#### Exercise objective
Please repeat the entries word for word and keep the images out.

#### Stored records
_ _ _ _ _ _ _

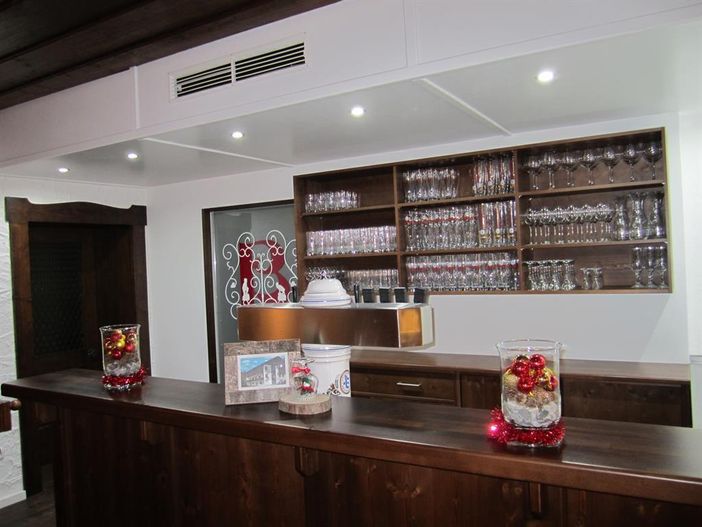Theke Restaurant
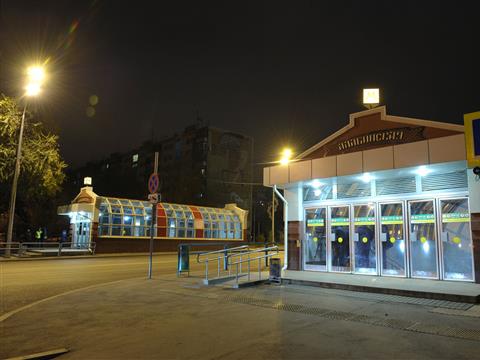 Ночью на станции метро "Алабинская" "сошел с рельсов поезд"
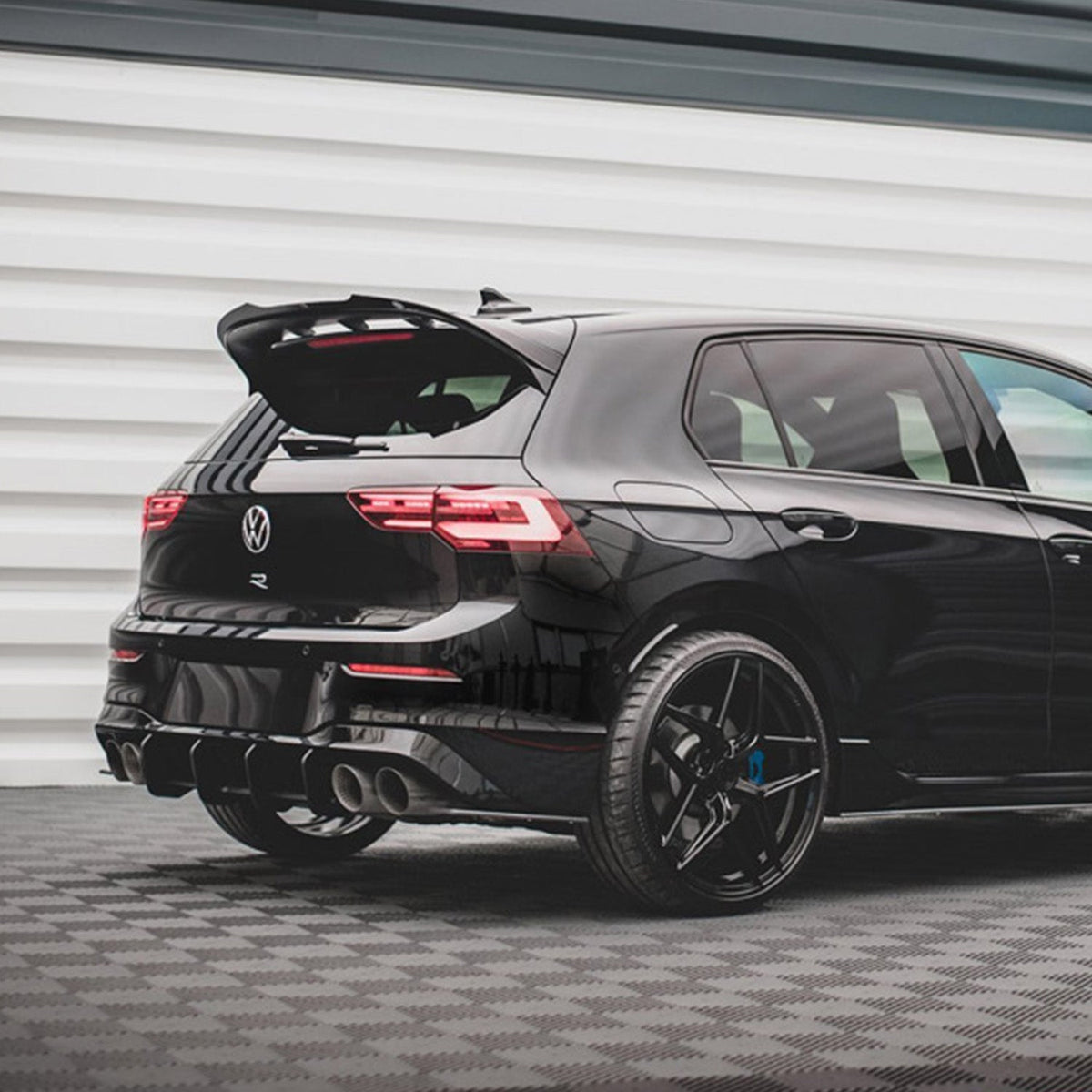 Maxton Design Volkswagen Golf R Street Pro Rear Diffuser In Black (Mk8)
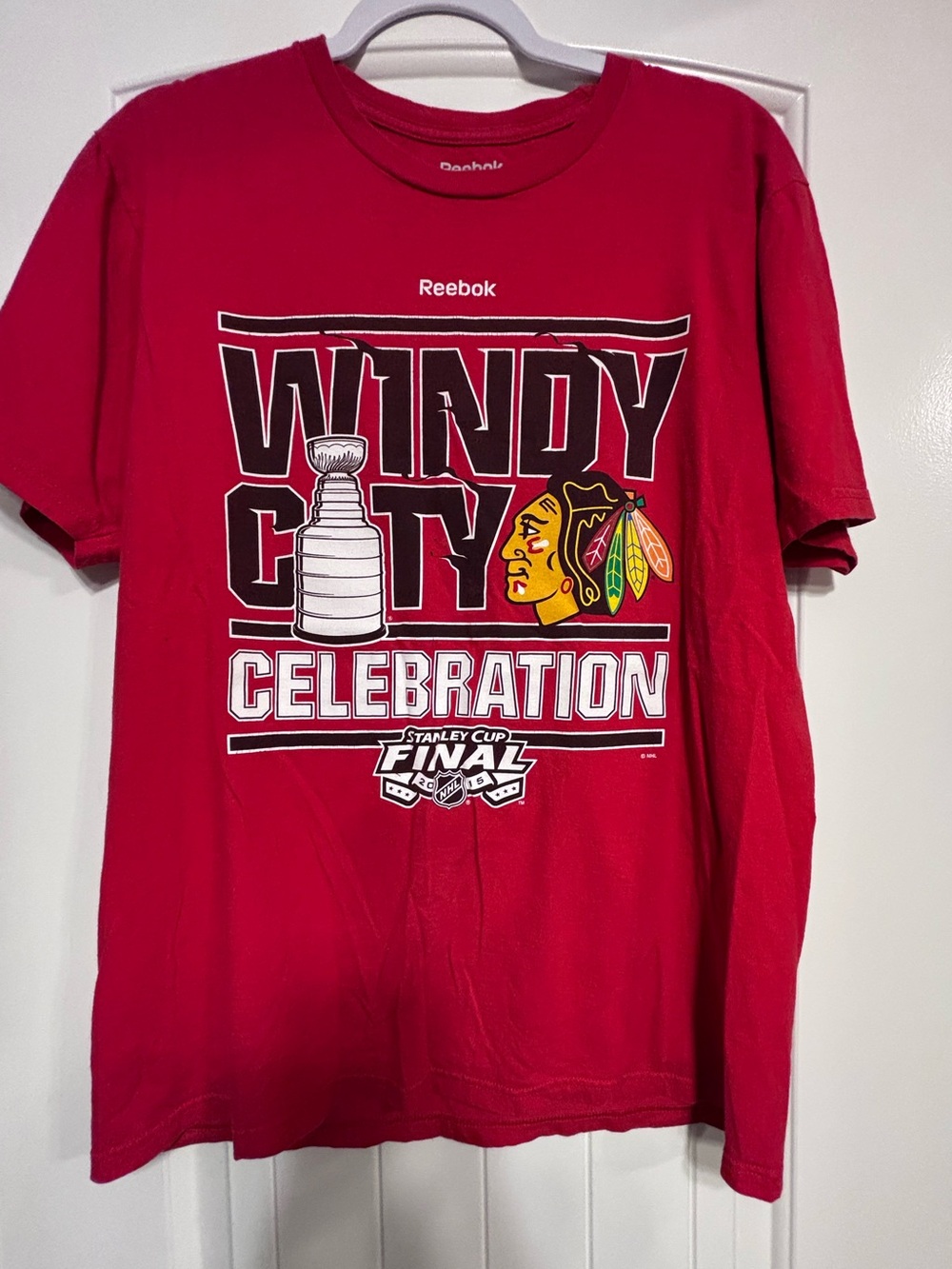 Reebok Chicago Blackhawks 2015 Stanley Cup Red Graphic Cotton Crewneck Tee, L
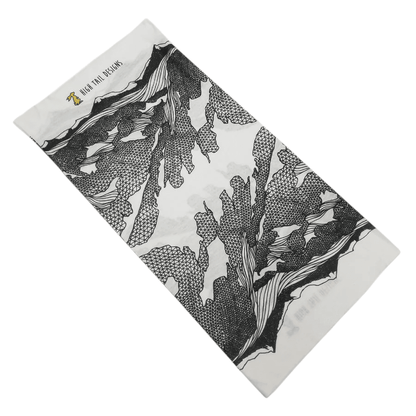 【High Tail Designs】Hiking Gaiter "Low Poly" - LEISURES 公式オンラインショップ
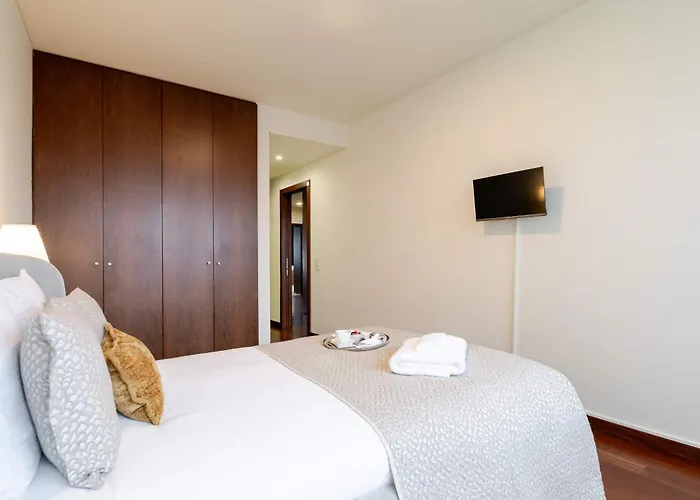 Apartament Modern & Spacious Flat With Garage By Hostwise Vila Nova de Gaia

_ _ _ _ _ _ _

#### Written reply
Theke Restaurant
 Ночью на станции метро "Алабинская" "сошел с рельсов поезд"
 Maxton Design Volkswagen Golf R Street Pro Rear Diffuser In Black (Mk8)
 Reebok Chicago Blackhawks 2015 Stanley Cup Red Graphic Cotton Crewneck Tee, L
 【High Tail Designs】Hiking Gaiter "Low Poly" - LEISURES 公式オンラインショップ
 Apartament Modern & Spacious Flat With Garage By Hostwise Vila Nova de Gaia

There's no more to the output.